▶ [YOUR OBJECTIVE]
Beginning with the line below that contains "SF3A2 / SF3a66" and ending with the line that contains "Organdarstellung Nierenkrebs mit", retype every line exactly. Pictures are not copied.

Segment Start: EXTRACTED INFORMATION

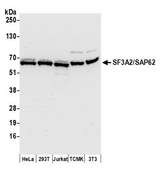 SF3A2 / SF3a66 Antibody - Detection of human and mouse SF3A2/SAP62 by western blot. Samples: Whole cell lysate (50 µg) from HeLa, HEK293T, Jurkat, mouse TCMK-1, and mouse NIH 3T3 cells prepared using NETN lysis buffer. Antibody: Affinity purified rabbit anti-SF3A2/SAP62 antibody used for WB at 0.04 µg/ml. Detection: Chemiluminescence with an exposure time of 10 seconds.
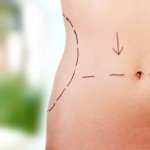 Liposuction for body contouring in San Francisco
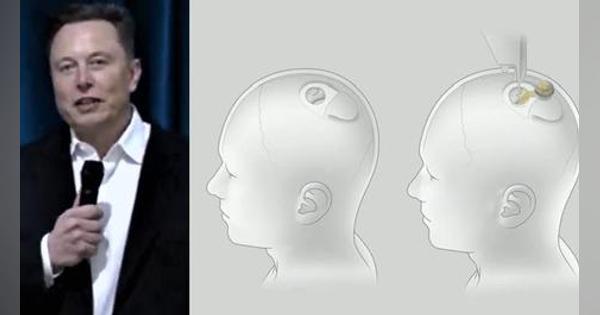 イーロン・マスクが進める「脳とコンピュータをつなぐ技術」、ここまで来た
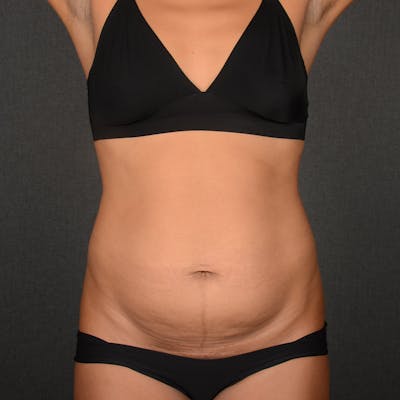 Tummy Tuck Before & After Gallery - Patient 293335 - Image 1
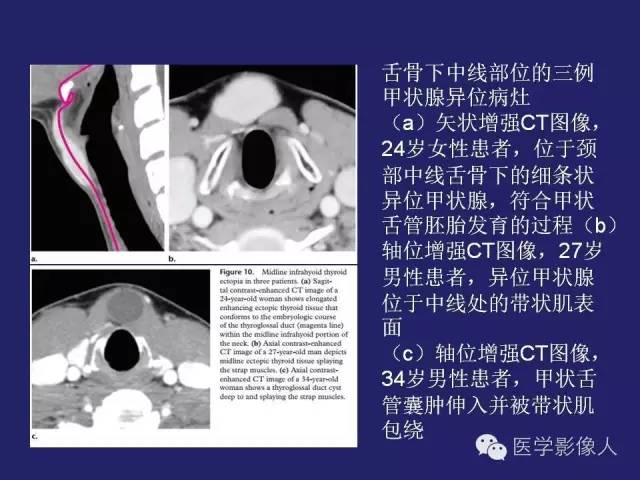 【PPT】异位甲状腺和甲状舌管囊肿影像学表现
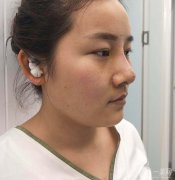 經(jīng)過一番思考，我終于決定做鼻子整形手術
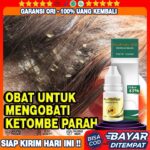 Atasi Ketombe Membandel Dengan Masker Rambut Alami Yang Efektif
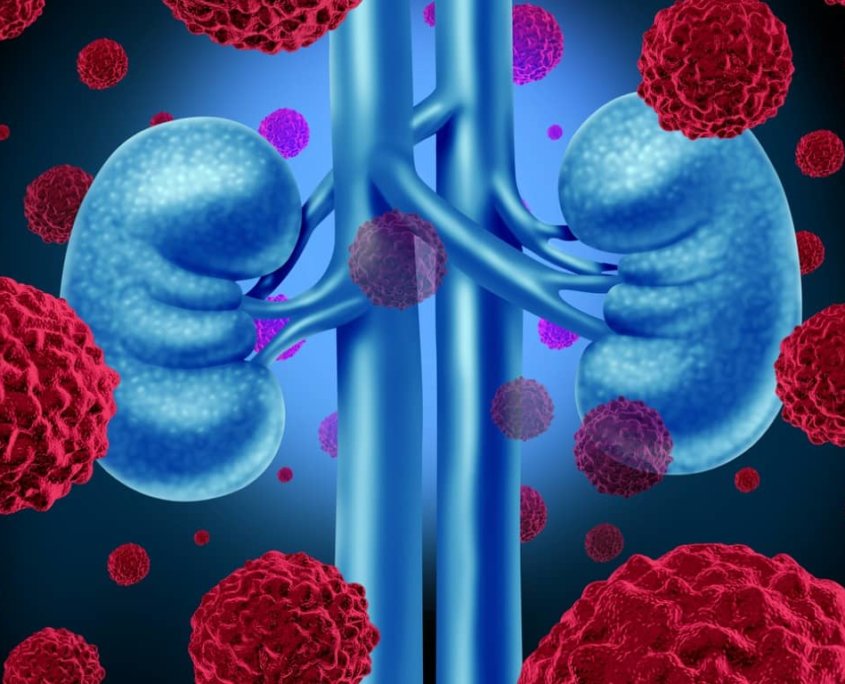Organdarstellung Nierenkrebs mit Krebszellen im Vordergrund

Segment End: EXTRACTED INFORMATION
Segment Start: EXTRACTED INFORMATION

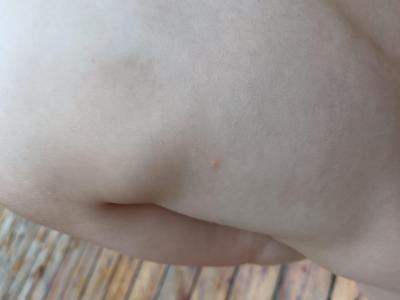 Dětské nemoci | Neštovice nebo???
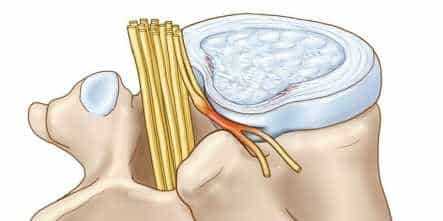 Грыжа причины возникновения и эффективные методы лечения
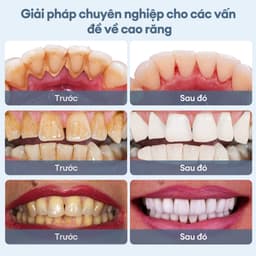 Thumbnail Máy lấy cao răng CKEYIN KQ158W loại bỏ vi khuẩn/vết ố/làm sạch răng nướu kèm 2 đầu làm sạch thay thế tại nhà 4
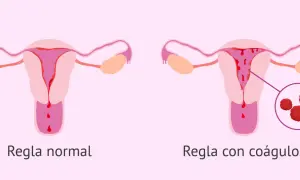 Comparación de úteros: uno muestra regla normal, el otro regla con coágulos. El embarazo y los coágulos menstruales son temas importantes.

Segment End: EXTRACTED INFORMATION
Segment Start: EXTRACTED INFORMATION

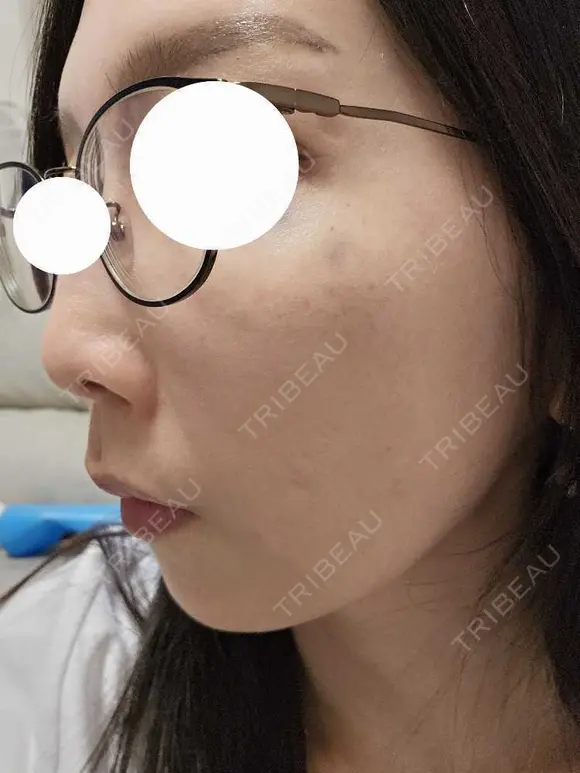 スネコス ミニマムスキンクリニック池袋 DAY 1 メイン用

Segment End: EXTRACTED INFORMATION

▶ [ANSWER AREA]
 SF3A2 / SF3a66 Antibody - Detection of human and mouse SF3A2/SAP62 by western blot. Samples: Whole cell lysate (50 µg) from HeLa, HEK293T, Jurkat, mouse TCMK-1, and mouse NIH 3T3 cells prepared using NETN lysis buffer. Antibody: Affinity purified rabbit anti-SF3A2/SAP62 antibody used for WB at 0.04 µg/ml. Detection: Chemiluminescence with an exposure time of 10 seconds.
 Liposuction for body contouring in San Francisco
 イーロン・マスクが進める「脳とコンピュータをつなぐ技術」、ここまで来た
 Tummy Tuck Before & After Gallery - Patient 293335 - Image 1
 【PPT】异位甲状腺和甲状舌管囊肿影像学表现
 經(jīng)過一番思考，我終于決定做鼻子整形手術
 Atasi Ketombe Membandel Dengan Masker Rambut Alami Yang Efektif
Organdarstellung Nierenkrebs mit Krebszellen im Vordergrund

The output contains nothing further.